Reverse indexes may be generated according to standard methods known to skilled persons. According to such methods, a single reverse index may be generated for the entire body of input; that is, all strings of the plurality of strings. Additionally or alternatively, more than one reverse index may be generated for a given set of string, each index considering some subset of the set of strings such that, for example, all strings are considered in a least one reverse index. As will become apparent, one or more processors 12 consult reverse indexes in executing string processing software 22. Where there is more than one reverse index, one or more processors 12 may consult one or more of the more than one reverse indexes during processing such as according to the strings being compared at a given step.

FIG. 4 illustrates a representation of an example reverse index for an example set of strings. Reverse index 40 as illustrated is constructed over two example strings: a first string, “cancel credit card” and a second string, “cancel my credit card”. There are four entries illustrated in the example the reverse index, entry 42, entry 44, entry 46, and entry 48.

Entry 42 shows that the term “credit” is found in the first string at a position of offset 2 and in the second string at a position of offset 3.

Entry 48 shows that the term “my” is found only in the second string at position of offset 2. The absence of an entry corresponding to the first string implies that the term is not found in that string.

Reverse indexes may be represented in memory 12 in various formats such as, for example, in an array, a linked list, a hash table, or some combination thereof. For example, an array could be maintained with an element corresponding to each term in a set of strings, with the element pointing to a linked list of records, each record indicating the various strings in which that term occurs and its position therein. Alternatively, for example, a multidimensional array could be maintained with each row of the multidimensional corresponding to a term in a set of strings, and each column corresponding to a string in the set of strings. Then, each element could be set either to the position of that term in that string. If the term does not occur in that string, an indication of this could instead be stored in the element such as by, for example, storing a sentinel value, such as, for example, the maximum integer, in that element.

The representation of a reverse index in memory may also vary in other ways. For example, the indication of a particular string in a reverse index may have some other format such as, for example, a pointer to a memory location or an index into some other a data structure.

The offset into a string in a reverse index may have some other representation. As an example, rather than the first location in a string being represented as offset 0, it may be represented as offset 1. As another example, offsets may count right-to-left rather than the left-to-right counting illustrated in FIG. 4.

The indication of a particular string and the offset therein may be combined in some reverse indexes such as by providing, for example, a pointer to a memory location falling within the in-memory representation of the string or an index into some other data structure.

Various representations of a reverse index may offer trade-offs between computing resources consumed for construction and/or consultation of the reverse index such as, for example, requiring more or fewer instructions to be executed or more or fewer accesses to memory be performed and the storage resources consumed by the representation such as, for example, the use or more of less memory. Additionally or alternatively, various representations may have greater or lesser performance according to considerations such as, for example, the performance of a cache (not illustrated) of one or more processors 12. In some embodiments, analysis of performance of a representation of a reverse index may be performed according to techniques known to skilled persons, such as, for example, profiling.
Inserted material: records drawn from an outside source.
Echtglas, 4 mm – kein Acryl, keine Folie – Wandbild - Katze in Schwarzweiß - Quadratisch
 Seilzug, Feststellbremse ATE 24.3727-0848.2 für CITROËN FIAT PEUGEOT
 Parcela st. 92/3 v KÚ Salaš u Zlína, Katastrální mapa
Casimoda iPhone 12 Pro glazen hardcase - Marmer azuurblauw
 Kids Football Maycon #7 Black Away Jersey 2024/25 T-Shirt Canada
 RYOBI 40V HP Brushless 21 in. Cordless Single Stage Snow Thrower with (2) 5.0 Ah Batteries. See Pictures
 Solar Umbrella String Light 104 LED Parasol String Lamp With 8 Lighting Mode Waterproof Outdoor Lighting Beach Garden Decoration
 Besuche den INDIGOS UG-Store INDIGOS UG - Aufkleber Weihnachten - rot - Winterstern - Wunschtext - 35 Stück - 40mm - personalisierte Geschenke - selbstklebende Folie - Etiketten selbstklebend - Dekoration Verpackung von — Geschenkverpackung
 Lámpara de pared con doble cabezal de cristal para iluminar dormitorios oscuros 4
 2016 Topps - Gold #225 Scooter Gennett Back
Returning to consideration of FIG. 3, at block 304, the strings of the plurality of strings are arranged in an order. Arranging of the strings of the plurality of strings in an order may or may not entail actual processing of the strings. For example, the strings may be processed and placed into an ordered data structure. As another example, the strings may be processed and their ordering noted in a data structure that contains some indication, such as a pointer, of the string in each position. As yet another example, the strings may already have some natural order due to the nature of their storage or the order in which they are being received.

In some embodiments, block 304 may not entail substantive data processing. For example, where strings are being processed as received in a streaming fashion, the ordering may simply be the order in which strings are received.

Optionally, strings may be filtered before arranging them in an order such that, for example, only a subset of the plurality of strings may feature in the order.

At block 306, one or more processors 12 identify the next string in the order for processing. Strings may be processed starting with the first string in the order and ending with the last string in the order. Alternatively, strings may be processed starting with some other string in the order. Optionally, only a subset of the strings in the order may be identified for processing, such as according to, for example, filtering criteria as may be applied in identifying the next string such that, for example, only strings meeting that criteria are identified for processing with other strings in the order being discarded.

At block 308, the string identified at block 306 is processed relative to the subsequent strings in the order to ascertain, using the reverse index, substrings common to the identified string and subsequent strings in the order. Each common substring so identified is common to at least a string pair comprising the identified string and a subsequent string in the order. In some cases, a substring may be common to more than one such pair.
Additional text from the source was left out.